ACTION ITEM
State how many lines in the records hold the word "Gigabit", giving the number and no other text.

PROVIDED MATERIAL
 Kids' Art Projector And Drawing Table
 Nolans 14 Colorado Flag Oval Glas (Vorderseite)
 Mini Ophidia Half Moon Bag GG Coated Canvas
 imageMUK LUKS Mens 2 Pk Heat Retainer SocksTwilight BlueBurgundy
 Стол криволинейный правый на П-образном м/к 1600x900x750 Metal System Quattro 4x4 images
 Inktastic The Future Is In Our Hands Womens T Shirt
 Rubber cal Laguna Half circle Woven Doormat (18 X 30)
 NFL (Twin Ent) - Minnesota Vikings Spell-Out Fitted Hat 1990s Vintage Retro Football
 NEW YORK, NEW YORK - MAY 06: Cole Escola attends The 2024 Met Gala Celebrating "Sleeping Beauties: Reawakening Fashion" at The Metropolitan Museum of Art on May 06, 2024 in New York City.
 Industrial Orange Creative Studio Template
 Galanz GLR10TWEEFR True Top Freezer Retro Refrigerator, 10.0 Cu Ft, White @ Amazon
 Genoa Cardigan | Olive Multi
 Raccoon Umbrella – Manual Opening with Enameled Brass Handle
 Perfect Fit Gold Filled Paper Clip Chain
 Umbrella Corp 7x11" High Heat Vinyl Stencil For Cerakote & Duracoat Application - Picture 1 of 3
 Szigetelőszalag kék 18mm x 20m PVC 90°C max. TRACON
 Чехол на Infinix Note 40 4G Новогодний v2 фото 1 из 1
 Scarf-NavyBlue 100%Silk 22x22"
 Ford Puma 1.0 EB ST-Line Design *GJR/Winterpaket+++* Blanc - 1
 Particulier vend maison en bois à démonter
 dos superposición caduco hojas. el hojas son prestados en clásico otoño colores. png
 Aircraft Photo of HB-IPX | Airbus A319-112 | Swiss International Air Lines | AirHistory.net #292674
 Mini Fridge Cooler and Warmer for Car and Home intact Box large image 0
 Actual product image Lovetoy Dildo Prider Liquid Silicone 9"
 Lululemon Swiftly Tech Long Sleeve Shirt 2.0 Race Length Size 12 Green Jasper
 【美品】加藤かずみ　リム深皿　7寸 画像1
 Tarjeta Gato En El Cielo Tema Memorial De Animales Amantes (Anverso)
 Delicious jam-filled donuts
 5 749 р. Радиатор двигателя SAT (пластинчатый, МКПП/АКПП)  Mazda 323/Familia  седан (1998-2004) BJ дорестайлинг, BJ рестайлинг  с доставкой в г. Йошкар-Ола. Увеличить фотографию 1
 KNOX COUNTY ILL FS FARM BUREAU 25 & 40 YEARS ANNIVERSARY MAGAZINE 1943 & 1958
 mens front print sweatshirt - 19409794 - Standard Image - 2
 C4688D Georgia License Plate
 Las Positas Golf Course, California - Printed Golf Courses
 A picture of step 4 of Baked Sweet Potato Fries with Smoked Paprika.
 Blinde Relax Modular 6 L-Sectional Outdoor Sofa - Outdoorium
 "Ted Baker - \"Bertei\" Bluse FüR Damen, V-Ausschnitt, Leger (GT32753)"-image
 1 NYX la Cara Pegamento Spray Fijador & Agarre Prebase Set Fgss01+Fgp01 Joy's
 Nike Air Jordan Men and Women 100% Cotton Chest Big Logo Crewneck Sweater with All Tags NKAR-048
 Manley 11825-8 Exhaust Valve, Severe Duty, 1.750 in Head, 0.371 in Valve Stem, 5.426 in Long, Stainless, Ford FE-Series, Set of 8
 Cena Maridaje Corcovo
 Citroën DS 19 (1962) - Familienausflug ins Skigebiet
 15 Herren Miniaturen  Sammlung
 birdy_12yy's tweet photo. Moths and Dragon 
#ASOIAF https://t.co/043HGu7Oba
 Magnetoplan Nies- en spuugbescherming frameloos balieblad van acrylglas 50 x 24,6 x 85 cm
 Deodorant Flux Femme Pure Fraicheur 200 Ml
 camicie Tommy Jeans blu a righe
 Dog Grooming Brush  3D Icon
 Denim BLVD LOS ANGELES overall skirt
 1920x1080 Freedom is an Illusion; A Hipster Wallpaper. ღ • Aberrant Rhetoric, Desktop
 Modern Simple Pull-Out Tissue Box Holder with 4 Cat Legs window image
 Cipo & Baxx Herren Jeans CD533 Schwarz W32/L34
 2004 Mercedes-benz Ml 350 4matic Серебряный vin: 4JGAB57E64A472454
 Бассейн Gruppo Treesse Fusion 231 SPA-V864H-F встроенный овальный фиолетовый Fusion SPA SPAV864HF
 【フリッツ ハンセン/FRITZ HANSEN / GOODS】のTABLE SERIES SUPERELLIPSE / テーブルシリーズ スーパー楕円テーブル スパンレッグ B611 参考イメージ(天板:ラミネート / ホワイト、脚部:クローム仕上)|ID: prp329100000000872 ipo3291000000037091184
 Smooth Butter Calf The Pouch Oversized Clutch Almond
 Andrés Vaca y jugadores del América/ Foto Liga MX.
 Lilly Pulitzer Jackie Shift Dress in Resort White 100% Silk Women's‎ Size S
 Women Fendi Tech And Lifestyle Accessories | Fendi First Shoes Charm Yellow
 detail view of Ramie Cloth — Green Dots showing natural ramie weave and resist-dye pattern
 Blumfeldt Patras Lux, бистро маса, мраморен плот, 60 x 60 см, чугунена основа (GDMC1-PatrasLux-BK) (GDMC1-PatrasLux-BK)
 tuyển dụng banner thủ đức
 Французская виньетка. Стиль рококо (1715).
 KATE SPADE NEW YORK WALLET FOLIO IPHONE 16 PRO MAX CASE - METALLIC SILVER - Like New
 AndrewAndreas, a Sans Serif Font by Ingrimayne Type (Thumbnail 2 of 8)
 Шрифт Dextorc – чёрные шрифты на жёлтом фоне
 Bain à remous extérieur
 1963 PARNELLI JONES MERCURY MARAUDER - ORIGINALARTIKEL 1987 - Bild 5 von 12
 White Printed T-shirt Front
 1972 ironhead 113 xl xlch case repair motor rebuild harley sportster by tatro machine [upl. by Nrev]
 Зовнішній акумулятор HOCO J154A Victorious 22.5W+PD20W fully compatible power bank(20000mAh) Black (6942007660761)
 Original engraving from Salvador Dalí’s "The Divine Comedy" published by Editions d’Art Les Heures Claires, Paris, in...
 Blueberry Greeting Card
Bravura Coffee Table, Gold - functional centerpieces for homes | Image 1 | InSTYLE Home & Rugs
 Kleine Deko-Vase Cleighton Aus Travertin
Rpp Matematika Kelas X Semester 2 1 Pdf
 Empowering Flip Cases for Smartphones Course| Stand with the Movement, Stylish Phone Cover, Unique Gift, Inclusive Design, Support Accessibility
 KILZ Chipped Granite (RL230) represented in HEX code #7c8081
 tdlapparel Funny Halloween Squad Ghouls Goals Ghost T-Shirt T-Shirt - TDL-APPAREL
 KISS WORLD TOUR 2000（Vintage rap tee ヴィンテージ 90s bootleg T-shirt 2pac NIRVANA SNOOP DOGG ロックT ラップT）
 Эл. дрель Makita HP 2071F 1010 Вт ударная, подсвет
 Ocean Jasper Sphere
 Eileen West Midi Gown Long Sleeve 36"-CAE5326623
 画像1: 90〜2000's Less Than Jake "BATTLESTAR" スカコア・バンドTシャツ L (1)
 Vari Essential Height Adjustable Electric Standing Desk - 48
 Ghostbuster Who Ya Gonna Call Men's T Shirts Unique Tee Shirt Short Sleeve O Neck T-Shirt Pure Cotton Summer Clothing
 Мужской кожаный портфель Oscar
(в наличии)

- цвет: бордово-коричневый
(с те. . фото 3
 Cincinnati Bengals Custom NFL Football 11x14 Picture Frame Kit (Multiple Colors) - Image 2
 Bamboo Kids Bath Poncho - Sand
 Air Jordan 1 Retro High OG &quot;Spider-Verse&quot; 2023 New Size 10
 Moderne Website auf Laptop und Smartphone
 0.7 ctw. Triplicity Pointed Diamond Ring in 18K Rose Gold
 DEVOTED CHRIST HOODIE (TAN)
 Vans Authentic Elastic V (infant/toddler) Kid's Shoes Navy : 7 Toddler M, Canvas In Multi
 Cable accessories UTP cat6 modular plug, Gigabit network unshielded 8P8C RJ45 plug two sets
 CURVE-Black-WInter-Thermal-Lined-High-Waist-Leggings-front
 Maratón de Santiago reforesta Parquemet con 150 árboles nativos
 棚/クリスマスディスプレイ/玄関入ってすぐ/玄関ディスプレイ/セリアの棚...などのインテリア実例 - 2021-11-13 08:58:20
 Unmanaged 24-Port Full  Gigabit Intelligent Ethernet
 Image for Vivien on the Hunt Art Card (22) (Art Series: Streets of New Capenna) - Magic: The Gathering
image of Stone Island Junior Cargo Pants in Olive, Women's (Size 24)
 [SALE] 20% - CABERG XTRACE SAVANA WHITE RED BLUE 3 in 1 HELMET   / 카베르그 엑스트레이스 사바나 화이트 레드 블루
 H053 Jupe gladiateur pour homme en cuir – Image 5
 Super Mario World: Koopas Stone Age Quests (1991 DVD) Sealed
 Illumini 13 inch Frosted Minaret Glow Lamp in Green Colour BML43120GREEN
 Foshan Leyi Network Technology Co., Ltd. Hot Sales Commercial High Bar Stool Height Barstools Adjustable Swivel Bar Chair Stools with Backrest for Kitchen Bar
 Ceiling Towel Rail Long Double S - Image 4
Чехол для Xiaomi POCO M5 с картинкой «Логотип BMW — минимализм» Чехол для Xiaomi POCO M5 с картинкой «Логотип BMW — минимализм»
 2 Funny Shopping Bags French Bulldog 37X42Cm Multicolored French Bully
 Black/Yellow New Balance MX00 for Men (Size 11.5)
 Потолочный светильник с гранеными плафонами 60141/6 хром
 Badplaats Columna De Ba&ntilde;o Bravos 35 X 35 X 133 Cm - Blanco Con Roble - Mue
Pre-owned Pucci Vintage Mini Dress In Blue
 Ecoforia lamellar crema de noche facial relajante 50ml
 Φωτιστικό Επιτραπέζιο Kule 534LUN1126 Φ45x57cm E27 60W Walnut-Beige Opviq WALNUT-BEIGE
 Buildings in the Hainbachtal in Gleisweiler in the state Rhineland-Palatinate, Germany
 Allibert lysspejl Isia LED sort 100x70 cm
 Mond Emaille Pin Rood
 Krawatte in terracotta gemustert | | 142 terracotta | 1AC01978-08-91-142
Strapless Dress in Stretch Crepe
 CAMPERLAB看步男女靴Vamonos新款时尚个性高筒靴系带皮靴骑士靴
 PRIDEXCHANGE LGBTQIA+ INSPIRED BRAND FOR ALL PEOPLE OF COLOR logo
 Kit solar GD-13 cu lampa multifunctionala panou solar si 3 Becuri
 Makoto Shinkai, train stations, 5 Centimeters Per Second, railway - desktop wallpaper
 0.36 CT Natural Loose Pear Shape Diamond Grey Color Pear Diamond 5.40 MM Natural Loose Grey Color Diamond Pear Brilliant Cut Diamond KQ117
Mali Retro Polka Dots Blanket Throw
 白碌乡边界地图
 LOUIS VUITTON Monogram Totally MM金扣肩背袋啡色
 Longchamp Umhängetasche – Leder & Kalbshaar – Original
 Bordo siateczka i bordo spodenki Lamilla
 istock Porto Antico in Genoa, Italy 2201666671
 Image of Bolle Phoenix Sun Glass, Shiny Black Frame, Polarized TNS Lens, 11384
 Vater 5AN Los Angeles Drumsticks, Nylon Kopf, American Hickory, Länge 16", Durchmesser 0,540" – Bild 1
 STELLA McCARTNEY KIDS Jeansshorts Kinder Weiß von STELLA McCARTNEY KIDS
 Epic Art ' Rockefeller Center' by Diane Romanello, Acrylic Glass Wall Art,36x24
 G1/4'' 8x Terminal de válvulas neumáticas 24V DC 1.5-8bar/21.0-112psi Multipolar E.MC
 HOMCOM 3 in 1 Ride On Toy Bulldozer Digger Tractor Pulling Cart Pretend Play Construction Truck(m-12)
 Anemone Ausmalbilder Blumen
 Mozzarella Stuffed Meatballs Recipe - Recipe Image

TASK RESULT
2